WHAT YOU ARE ASKED TO DO ▸ Every entry, from first to last, is to be retyped without any alteration.

DATA EXCERPTS ▸
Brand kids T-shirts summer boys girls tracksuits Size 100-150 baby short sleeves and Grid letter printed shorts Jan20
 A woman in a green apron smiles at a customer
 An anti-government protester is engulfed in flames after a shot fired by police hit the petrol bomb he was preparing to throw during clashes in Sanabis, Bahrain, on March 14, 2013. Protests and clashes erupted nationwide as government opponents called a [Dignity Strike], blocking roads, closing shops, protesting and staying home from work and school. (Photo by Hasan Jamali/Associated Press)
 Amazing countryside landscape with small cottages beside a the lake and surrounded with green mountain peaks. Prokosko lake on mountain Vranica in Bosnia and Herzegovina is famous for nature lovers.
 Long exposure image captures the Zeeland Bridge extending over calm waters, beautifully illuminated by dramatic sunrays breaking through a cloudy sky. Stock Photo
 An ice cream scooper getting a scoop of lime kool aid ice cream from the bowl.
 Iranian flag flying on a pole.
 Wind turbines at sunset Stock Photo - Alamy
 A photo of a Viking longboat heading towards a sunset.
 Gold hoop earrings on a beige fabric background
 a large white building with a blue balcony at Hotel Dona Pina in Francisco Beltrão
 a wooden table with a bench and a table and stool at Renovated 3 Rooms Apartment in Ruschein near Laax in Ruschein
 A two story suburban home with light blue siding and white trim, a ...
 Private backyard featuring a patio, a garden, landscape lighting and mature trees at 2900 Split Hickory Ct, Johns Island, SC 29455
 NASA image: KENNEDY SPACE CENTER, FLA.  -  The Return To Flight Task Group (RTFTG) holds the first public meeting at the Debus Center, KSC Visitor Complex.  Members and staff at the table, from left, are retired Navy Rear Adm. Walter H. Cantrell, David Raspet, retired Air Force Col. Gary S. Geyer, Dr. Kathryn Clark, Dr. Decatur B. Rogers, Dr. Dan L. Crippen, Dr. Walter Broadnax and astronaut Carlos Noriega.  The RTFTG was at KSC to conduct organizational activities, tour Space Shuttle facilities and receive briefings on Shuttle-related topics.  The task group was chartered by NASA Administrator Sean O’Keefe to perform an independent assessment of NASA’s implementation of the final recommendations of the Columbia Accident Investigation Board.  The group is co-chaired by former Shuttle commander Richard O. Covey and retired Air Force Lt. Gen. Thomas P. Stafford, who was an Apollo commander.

TASK ANSWER ▸
Brand kids T-shirts summer boys girls tracksuits Size 100-150 baby short sleeves and Grid letter printed shorts Jan20
 A woman in a green apron smiles at a customer
 An anti-government protester is engulfed in flames after a shot fired by police hit the petrol bomb he was preparing to throw during clashes in Sanabis, Bahrain, on March 14, 2013. Protests and clashes erupted nationwide as government opponents called a [Dignity Strike], blocking roads, closing shops, protesting and staying home from work and school. (Photo by Hasan Jamali/Associated Press)
 Amazing countryside landscape with small cottages beside a the lake and surrounded with green mountain peaks. Prokosko lake on mountain Vranica in Bosnia and Herzegovina is famous for nature lovers.
 Long exposure image captures the Zeeland Bridge extending over calm waters, beautifully illuminated by dramatic sunrays breaking through a cloudy sky. Stock Photo
 An ice cream scooper getting a scoop of lime kool aid ice cream from the bowl.
 Iranian flag flying on a pole.
 Wind turbines at sunset Stock Photo - Alamy
 A photo of a Viking longboat heading towards a sunset.
 Gold hoop earrings on a beige fabric background
 a large white building with a blue balcony at Hotel Dona Pina in Francisco Beltrão
 a wooden table with a bench and a table and stool at Renovated 3 Rooms Apartment in Ruschein near Laax in Ruschein
 A two story suburban home with light blue siding and white trim, a ...
 Private backyard featuring a patio, a garden, landscape lighting and mature trees at 2900 Split Hickory Ct, Johns Island, SC 29455
 NASA image: KENNEDY SPACE CENTER, FLA.  -  The Return To Flight Task Group (RTFTG) holds the first public meeting at the Debus Center, KSC Visitor Complex.  Members and staff at the table, from left, are retired Navy Rear Adm. Walter H. Cantrell, David Raspet, retired Air Force Col. Gary S. Geyer, Dr. Kathryn Clark, Dr. Decatur B. Rogers, Dr. Dan L. Crippen, Dr. Walter Broadnax and astronaut Carlos Noriega.  The RTFTG was at KSC to conduct organizational activities, tour Space Shuttle facilities and receive briefings on Shuttle-related topics.  The task group was chartered by NASA Administrator Sean O’Keefe to perform an independent assessment of NASA’s implementation of the final recommendations of the Columbia Accident Investigation Board.  The group is co-chaired by former Shuttle commander Richard O. Covey and retired Air Force Lt. Gen. Thomas P. Stafford, who was an Apollo commander.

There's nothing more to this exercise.